Author(s): J. P. Witman

Copyright year: 2008

Initiatives are activities that require group effort to accomplish tasks.

They are often synergistic, where the performance of the group exceeds what any single group member could accomplish alone.

Initiatives can serve the dual purpose of providing engaging, enjoyable experiences while promoting both individual and collective growth and development.

Participants can experience recreation while reflecting on their competence as a group (and as a group member) and developing strategies for enhanced effectiveness.

Initiatives that are well matched to skills and needs of particular groups can promote enhanced communication, cooperation, and collaboration.

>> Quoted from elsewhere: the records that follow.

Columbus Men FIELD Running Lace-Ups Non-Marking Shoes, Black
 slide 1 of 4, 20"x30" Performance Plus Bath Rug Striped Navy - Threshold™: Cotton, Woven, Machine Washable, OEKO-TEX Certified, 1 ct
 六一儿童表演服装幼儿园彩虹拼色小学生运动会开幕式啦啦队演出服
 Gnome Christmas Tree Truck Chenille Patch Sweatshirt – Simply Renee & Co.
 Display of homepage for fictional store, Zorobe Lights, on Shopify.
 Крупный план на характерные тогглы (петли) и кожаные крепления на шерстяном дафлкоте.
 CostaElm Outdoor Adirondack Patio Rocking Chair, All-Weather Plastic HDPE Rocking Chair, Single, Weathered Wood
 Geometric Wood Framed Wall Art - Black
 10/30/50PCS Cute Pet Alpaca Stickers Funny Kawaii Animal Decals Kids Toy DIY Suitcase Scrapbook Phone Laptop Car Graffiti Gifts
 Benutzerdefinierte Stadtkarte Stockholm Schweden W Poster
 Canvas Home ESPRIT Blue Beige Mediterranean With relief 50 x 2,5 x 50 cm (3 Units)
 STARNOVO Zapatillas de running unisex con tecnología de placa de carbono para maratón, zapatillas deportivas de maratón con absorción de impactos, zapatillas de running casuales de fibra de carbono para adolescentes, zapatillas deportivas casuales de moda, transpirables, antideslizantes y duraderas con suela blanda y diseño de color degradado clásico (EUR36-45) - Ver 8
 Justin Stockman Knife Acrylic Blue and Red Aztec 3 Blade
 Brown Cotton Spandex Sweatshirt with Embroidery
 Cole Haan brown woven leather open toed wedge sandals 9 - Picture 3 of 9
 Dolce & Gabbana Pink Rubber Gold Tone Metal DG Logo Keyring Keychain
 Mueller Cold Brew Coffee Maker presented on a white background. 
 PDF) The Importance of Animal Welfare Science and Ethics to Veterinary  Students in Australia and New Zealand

Nelson (1999) identified the following ways in which an individual can take greater initiative in his or her job.

Each is relevant to the presentation, implementation and evaluation of initiatives:

  • Thinking outside the box. This relates to the novelty of many initiatives. Groups are involved in tasks that they have no experience to rely on and are asked to consider new approaches, to brainstorm, and to champion new ideas.
  • Doing your homework. Preparation is the key to success with many initiatives. Groups learn to fully utilize the planning time they are given in the process of completing an initiative.
  • Taking action—capitalizing on opportunities. Group members are encouraged to take chances and to make decisions. They are also asked to take responsibility for their actions.
  • Making improvements. With many initiatives there are multiple trials with the opportunity for group members to suggest alternatives and refinements toward enhanced performance.
  • Persevering. Sticking with the ideas and actions you believe in is a part of the process of many initiatives, as is the collective will of a group to keep trying when success is not easily or quickly obtained.

Initiatives are useful for helping groups get to know one another and have fun together.

They can be presented and sequenced to work on goals related to team-building, education, and/or treatment.

Skills and attitudes developed through initiatives can potentially transfer to all areas of participants' lives.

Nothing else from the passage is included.